A recent posting for a tenure-track junior faculty position in my department attracted more than 200 applications, a frightening number in and of itself. Perhaps more terrifying, however, was that fewer than 5% of these candidates made any effort whatsoever to communicate why they wanted to join our department’s faculty in particular. The cover letters—essentially all of which outlined a foundation of great science and a forward-looking vision for teaching and research—failed to articulate why the applicants were specifically interested in us, our department, or our university. As best as any on the search committee could guess, the identical applications might well have landed, unaltered, upon dozens of recruitment piles across the globe. What these applicants apparently failed to recognize is that we don’t just want to recruit a great scientist; we want to be certain that our new hire will thrive at our institution. Our search committee also concluded that the applicants failed to capitalize on an opportunity to foresee collaborations, forge synergies, or propose new directions that could relate to our program. So few candidates had done their homework.

In raising our frustration with this problem to faculty members from other departments at our university, as well as to chairs of science departments across the country, it became painfully clear that a concerted effort by an applicant to connect their expertise and interests to a specific faculty opportunity was rare. Perhaps such omissions are a result of generic, open-ended job advertisements. Or maybe the issue is that so few academic openings exist that a wider cohort is applying for any posting that appears, with the hope that the more applications submitted, the better chance for a positive response. Perhaps with so many applications to write, the candidates decide they can’t invest the time to tailor each to the opportunity at hand.
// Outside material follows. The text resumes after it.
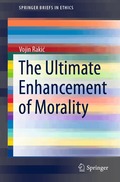 Ultimate Enhancement of Morality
But whatever the reason, it’s important for applicants to know that you will markedly improve your chance of being invited for an interview if you help the search committee and departmental faculty members understand why an investment in you will prove to be an investment for us. You can’t think of a faculty job as existing solely in an isolated lab in a building on some campus. You are hoping to become part of a community, and we need your help in understanding what it would mean to recruit you to our program.

With relatively little extra effort on your part, a customized application package will help us recognize how your stellar work and breathtaking goals could work synergistically with existing initiatives. Help us understand why we should consider you beyond what appears on your CV. Help us understand what the fit is.

In formulating your application cover letter, invest the same care and rigor you would when submitting a grant proposal to a funding agency. Take the time to help the hiring committee understand why you’re applying. Why here? Why now? Why us? Articulate why Department X at University Y is the perfect fit for you and how joining the campus will not only fuel your own growth as an independent scientist, but also bolster or complement a given strength of the program—or extend it into an area not yet represented by the resident faculty members. Making it evident that you have reviewed the curriculum and that your background would help extend it in this or that direction is also welcome and warranted. And reach beyond the department: Propose some potential collaborations, both in research and teaching, with other programs that would serve to forge connections with other areas of the school. Yes, this requires work, but it is work well invested. It will make your application stand out, at the very least, and will also help us understand how you see yourself fitting in. It might just earn your application a second look, or land you some early advocates on the search committee as the culling inevitably begins.

Indeed, in our department, the last two searches prioritized those who made it clear why our department was right for them, and we were very fortunate to have recruited our top choices. The new hires are thriving, and everyone is happy.